→ Recorded information:
▬▬▬

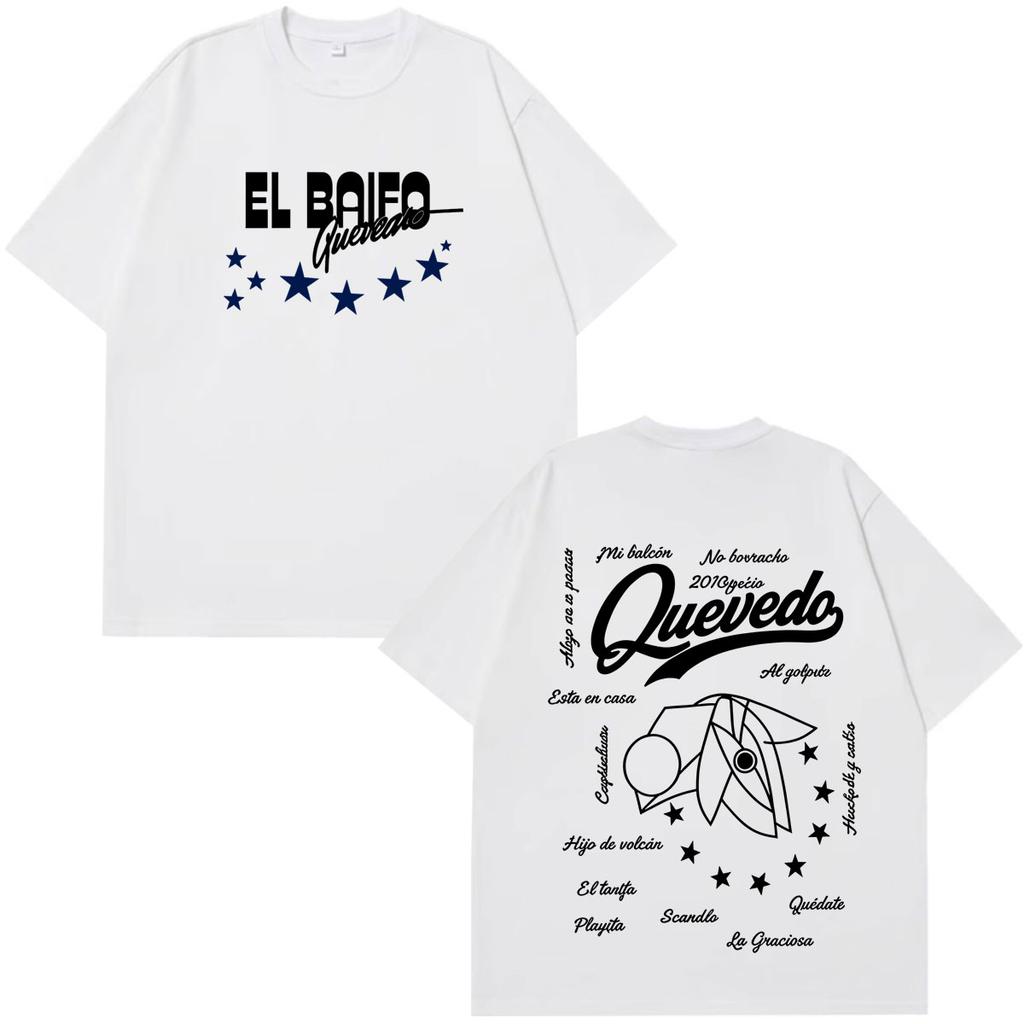 Quevedo El Baifo Album 2026 Tour Graphics Tshirt Unisex Unisex Fashion Tshirt Summer Loose Casual Cotton Vintage Tshirts Fan Gifts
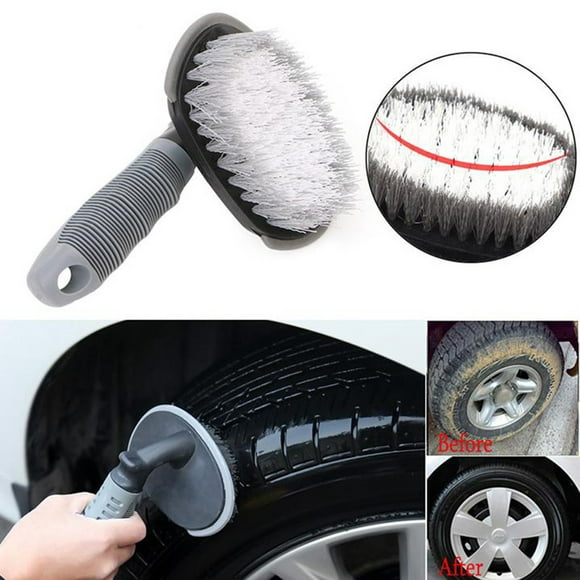 Agiferg Car Tyre Cleaning Brush Motorcycle Wheel Scrub Brush Washing Cleaning Tool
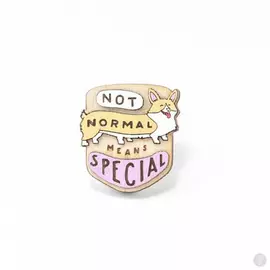 Деревянный пин Waf-Waf Корги Special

▬▬▬

→ What is expected:
Retype the data in full. Images do not go in the copy.

→ Output for this task:
 Quevedo El Baifo Album 2026 Tour Graphics Tshirt Unisex Unisex Fashion Tshirt Summer Loose Casual Cotton Vintage Tshirts Fan Gifts
 Agiferg Car Tyre Cleaning Brush Motorcycle Wheel Scrub Brush Washing Cleaning Tool
 Деревянный пин Waf-Waf Корги Special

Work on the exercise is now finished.